Fort Worth police chief disrespects Black residents with hand-picked group of advisers | Opinion
Published: Fri, 03/10/23
Fort Worth police chief disrespects Black residents with hand-picked group of advisers | Opinion
Fort Worth Star-Telegram
BY THE REV. PATRICK D. MOSES
MARCH 10, 2023 6:03 AM
As I reflect on the Fort Worth City Council’s closely divided vote opposing the “citizen-recommended” police Civilian Review Board and the advisory board Police Chief Neil Noakes proposes to create, I am wrestling with a line in Habakkuk 2:4, formed as a question: “How can the righteous live by their faith” and stay silent on this disrespectful act against citizens?

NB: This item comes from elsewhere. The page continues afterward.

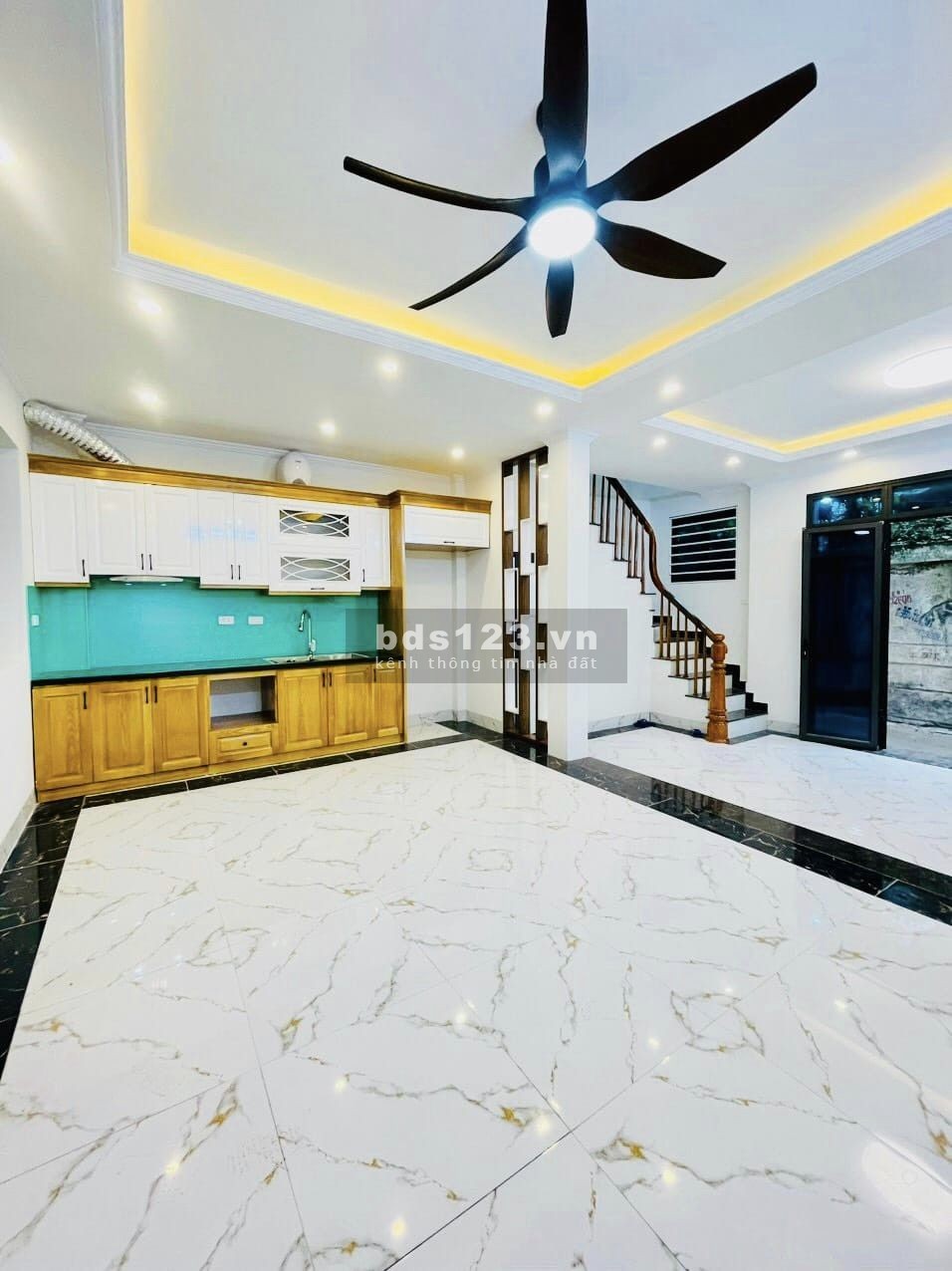 Bán nhà khu VIP ngã tư Sở - Nhà mới đẹp mặt tiền rộng - 2 thoáng trước sau - Khu hiếm nhà bán.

I serve as the pastor of First Missionary Baptist Church, located in City Council District 8. I am a retired federal law enforcement executive and a member of the International Association for Chiefs of Police.

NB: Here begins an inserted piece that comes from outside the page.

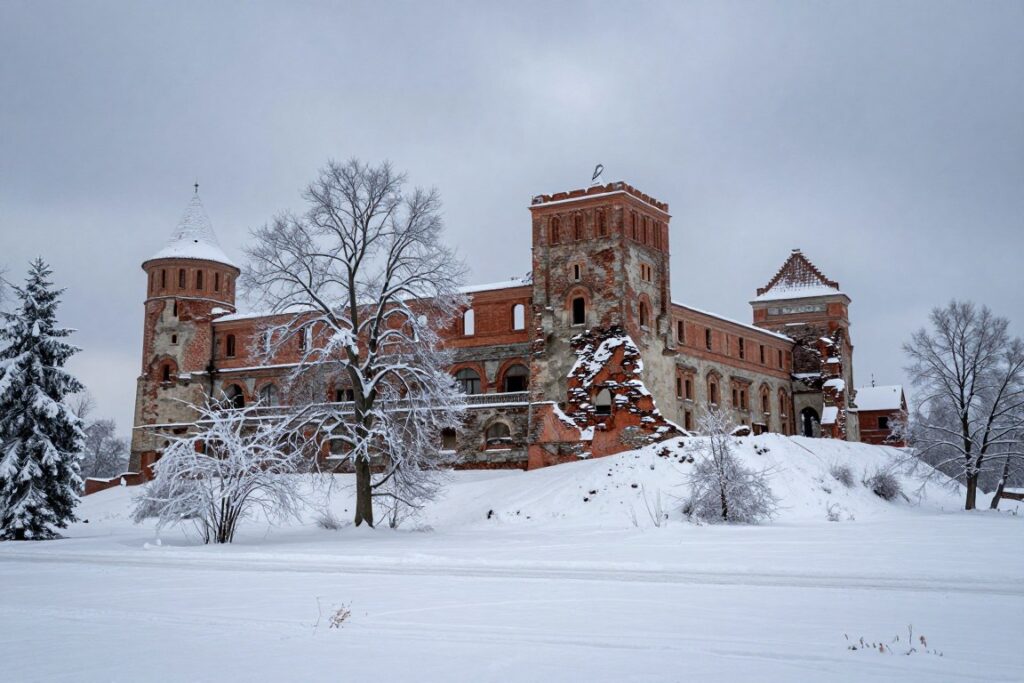 Olsztyn zimą zamek w śniegu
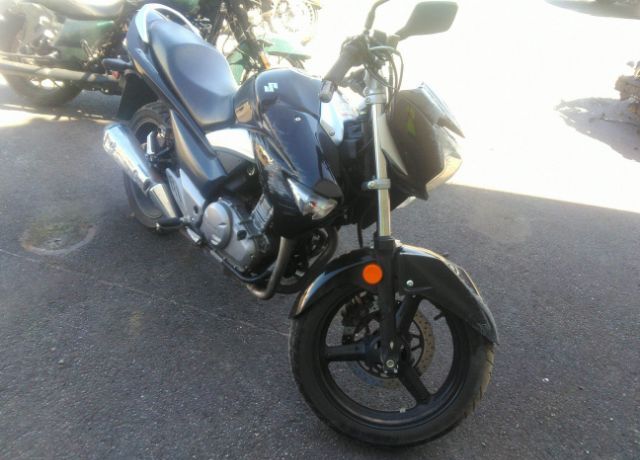 Suzuki GW250L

Without insulting the capable selected members of Noakes’ panel, the concept aligns with a neoliberal agenda of distancing accountability for policing away from citizens and centralizes oversight under the police chief. The chief’s proposal no doubt will appease those who trust the police.
Just consider the 5-4 vote against the review board recommended by the city’s Race and Culture Task Force; what areas do the five members represent? What communities do the four members represent?

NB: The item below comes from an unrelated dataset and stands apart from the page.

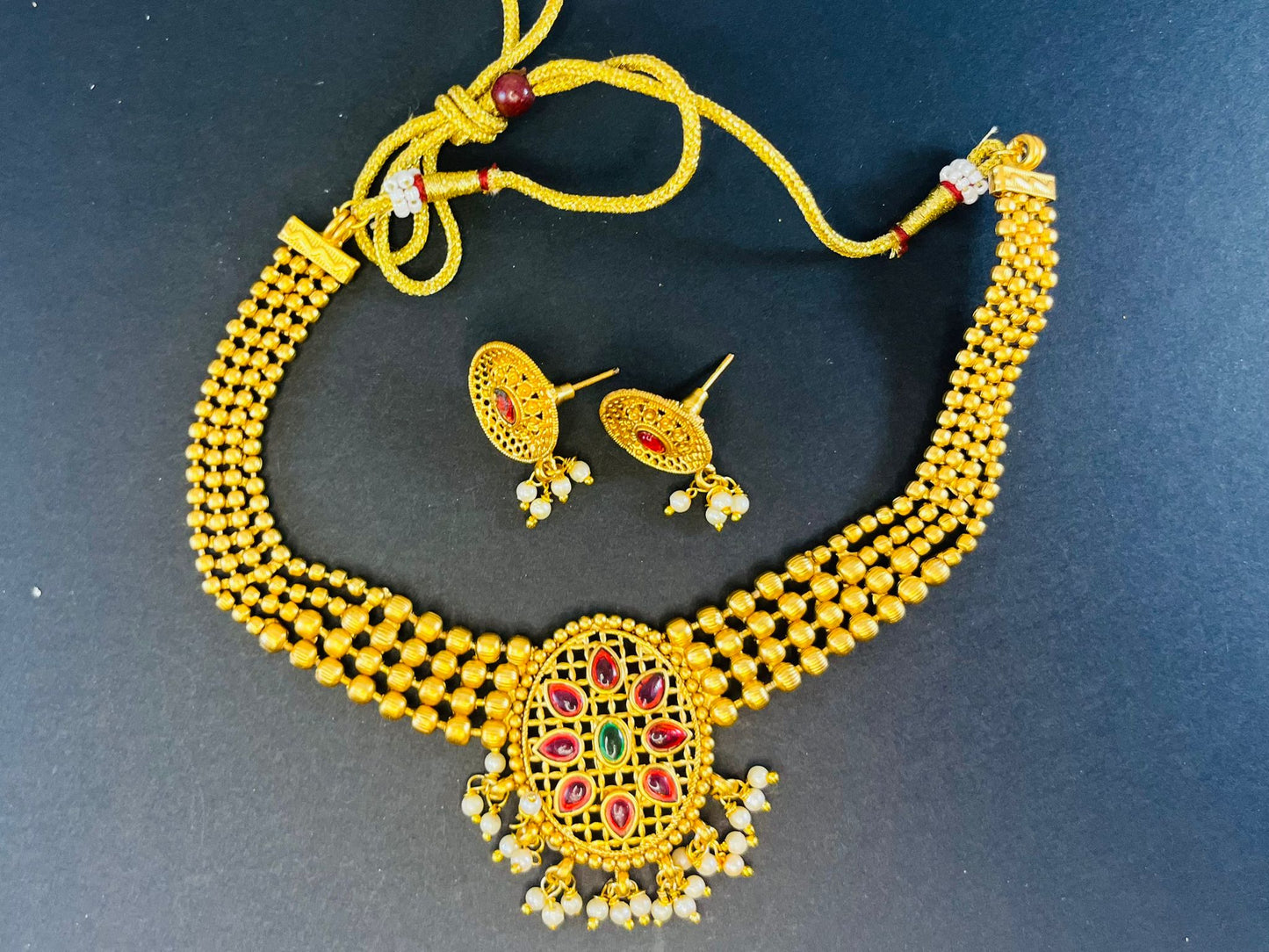 Aabha RLB-012 Gold look with round pendant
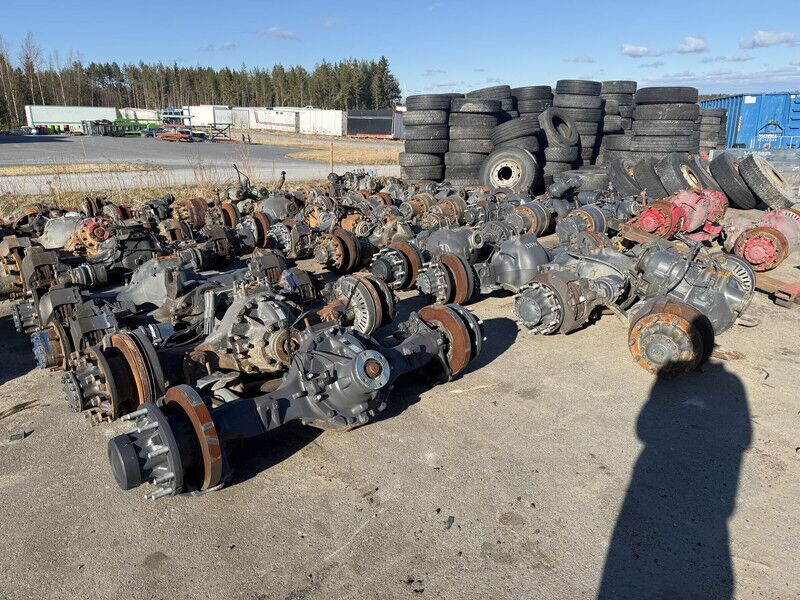 Volvo RTS2370A RSS1125 RTH2610F RTH3312 RTH3815 MD15 CTEV87 - Zadní náprava: obrázek 1 Volvo RTS2370A RSS1125 RTH2610F RTH3312 RTH3815 MD15 CTEV87 - Zadní náprava: obrázek 1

Policing and community trust in Berkeley Place is different than it is where I pastor, on the corner of Miller and Fairfax Avenues.
Fort Worth Police Chief Neil Noakes speaks during a press conference in 2021.
Amanda McCoy amccoy@star-telegram.com
To be sure, the chief’s proposal will widen the divide between marginalized communities, particularly those who must have ”the talk” with their children about how to handle encounters with officers; the people I serve as a pastor.
The National Association of Civilian Oversight of Law Enforcement identifies eight attributes of meaningful police oversight: It must be proactive, independent, community-driven, empowered, transparent, individualized, an investment in our communities, and an iterative process. “Oversight is not chosen or housed by police departments,” the group says. Transparent, independent, community-centered trust between the citizens and the Police Department cannot occur when the chief appoints members to oversee policing in their communities.
At a November meeting with Noakes and several African-American pastors, I cautioned the chief about the concern of the “fox guarding the henhouse.” The creation of the advisory board and the City Council’s complicity is a slap in the face for the 2,765 African Americans killed by police officers in cities across the U.S. in the last decade, including the 228 in Texas, and more particularly, those who suffered over the death of Atatiana Jefferson at the hands of a Fort Worth officer. Her killer’s defense team’s dog whistle about the “high crime” area she lived in did not fall on deaf ears.
America just witnessed what happens when a City Council withholds accountability and transparency from an independent, citizen-centered review board. The aftermath is Memphis, where officers brutally killed Tyre Nichols. The reaction from some in Tennessee’s legislature, however, is to propose eliminating citizen boards in Memphis and Nashville and empower police chiefs to tell citizens what they need to know about their communities because chiefs have the authority and autonomy to hold themselves accountable. That is absurd.
Noakes’ proposal is doing what Tennessee’s proposed legislation attempts: silencing the voices of marginalized people whose mere survival oftentimes depends upon community-centered policing. Fort Worth, we are better than that. We must ensure that every citizen has an opportunity to flourish to a full life as a creation of God without living in fear of the police.
There is still time for the city to improve relationships between citizens and the Police Department. In fact, Fort Worth has the opportunity to become a “best practice” city in policing and community partnering. The righteous can live by their faith only through the creation of a citizen-recommended review board that encourages and promotes accountability, oversight, transparency and independence.
Where do you see those aspirational terms in Noakes’ self-appointed advisory board?
How can a board hand-picked by the chief hold the Fort Worth Police Department accountable and promote trust among the citizens of Fort Worth?
The Rev. Patrick D. Moses is pastor of First Missionary Baptist Church in Fort Worth and a retired law enforcement leader for the U.S. Department of Homeland Security.